August 1, 2008: Public Transportation Etiquette

You know what really grinds my gears? Public transportation etiquette – or should I say the lack of. On any given day in the past 7 years that I have had the pleasure of taking the wonderful public transit system that is the MBTA and I am still completely baffled by the things some people do. So I’ve decided to give you all my “Fab 4” of etiquette pet peeves when taking public transportation:

  1. Bag Etiquette: Here’s the deal, your bag doesn’t deserve it’s own seat. Sure it’s had just as hard of a day as you have, but when a train is starting to fill up the seats are better served for other people. Additionally, when a train is crowded take your 38lb backpack off your shoulders and put it at your feet – it takes up shit-loads of space, and makes getting up and down the aisle comparable to the limbo dance.
  2. Entering and Exiting: Listen up on this one, because it’s important. The majority of my time on the train is during rush hour – meaning, the trains are crowded and the platforms are even more crowded. Wait for people to get off the train before you get on. While I’m convinced that many train conductors are evil, they don’t typically get off on slamming the door on a group of people’s face. Actually, this needs to be explained in better detail:
    1. When exiting (or, when other’s are exiting):

1. Clear the doorways

2. Wait until the train has stopped moving to move towards the door – the train is going to wait.
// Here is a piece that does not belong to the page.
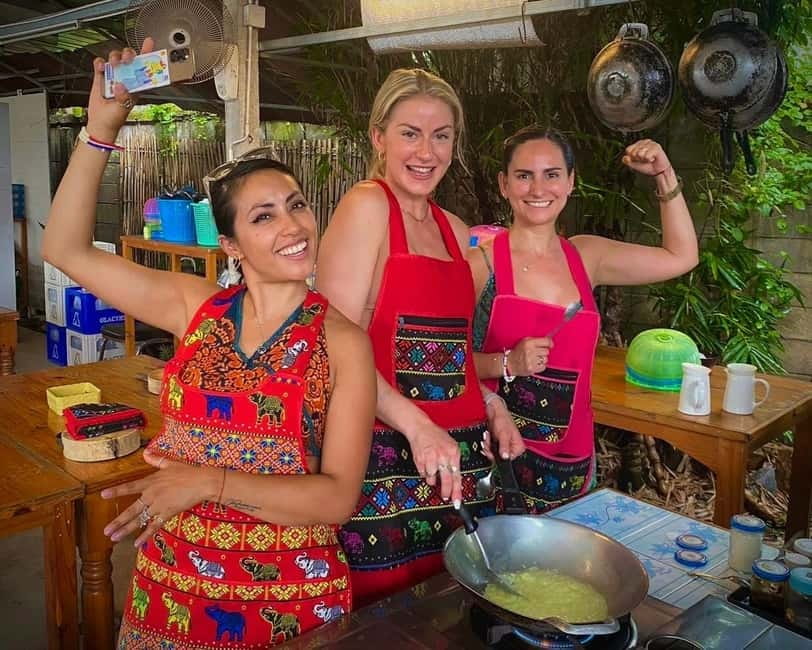Chiang Mai: Cooking Class, Market and Thai Herbs Garden Tour - The curry paste moment: mortar and pestle plus real customization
    1. When entering (or, when other’s are entering):

1. Clear the doorways, see a pattern here?

2. Give people who are getting off room to get off. That means, don’t make a should-to-shoulder half circle around the door. Remember what I said earlier, the train is going to wait!
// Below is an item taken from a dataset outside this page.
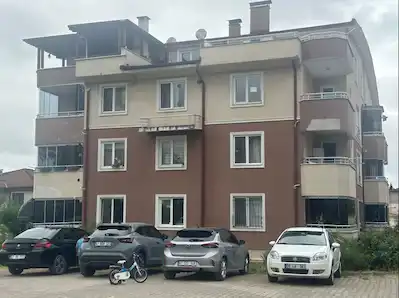 REMAX EXCELLLENCE UZUNÇİFTLİK MAH KİRALIK 130 M2 2+1 ARA KAT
  1. Seating – for the elderly, not you: This one is a no-brainer. You’re a strapping young buck (or fawn?) stand up and let the hump-backed, feeble old man/woman or the person-of-any-age-who-is-missing-one-leg-and-two-arms sit down. Also included in this category: blind people (optional: verbally instruct them or help them to a seat – if you’re on a date, it’s guaranteed ass).
  2. Cell Phones: Now, we’ve got them for a reason – accessibility – and it’s a good reason. Many times it’s completely acceptable to pick up your cell phone when in a public place (ie, the train) but here’s the thing, that microphone in the phone can hear you – you don’t need to shout. Keep your conversations at a normal conversation level, as if the person you’re talking to is right next to you. Rule of Thumb: when I’m listening to my iPod on the other end of the train and I can hear you talking about how, “you really wanted to (like) have sex with that guy but (like) you were (like) on your period and (like) couldn’t, but didn’t (like) want to tell him because it may (like) be (like) awkward, and you really hoped that he would (like) understand and (like) call you back, but (like) only if it’s (like) three days later because anything less is (like waaaaay) too clingy, but at the same time anything (like) more means he probably doesn’t (like) like you” you’re probably talking all little too loud.

Song of the Week: “Many Shades of Black” by The Raconteurs

Quote of the Week: “Why in a country of free speech, are there phone bills?” – Steve Wright

Random Fact of the Week: Charlie Chaplin once won third prize in a Charlie Chaplin Look-alike contest.

Picture of the Week: How appropriate


Until next week, POW-right in the kisser. POW-right in the kisser. POW-right in the kisser. POW-right in the kisser. POW-right in the kisser. POW-right in the kisser. POW-right in the kisser. POW-right in the kisser. POW-right in the kisser. POW-right in the kisser. POW-right in the kisser. POW-right in the kisser. POW-right in the kisser. POW-right in the kisser. POW-right in the kisser. POW-right in the kisser. POW-right in the kisser. POW-right in the kisser. POW-right in the kisser. POW-right in the kisser.....


reid (ummm, i mean, fred)

1 comment:

Anonymous said...

You know what really grinds my gears? Not putting a space in between the end of one sentence (.) and the beginning of the next. (e.g., I am happy.The dog is brown.) Also, red hair and shamrocks.

disclaimer: In now way is this a shot at the author because he was too cool to hang out with me the last time I was in Boston, nope, nothing to do with that man slut at all.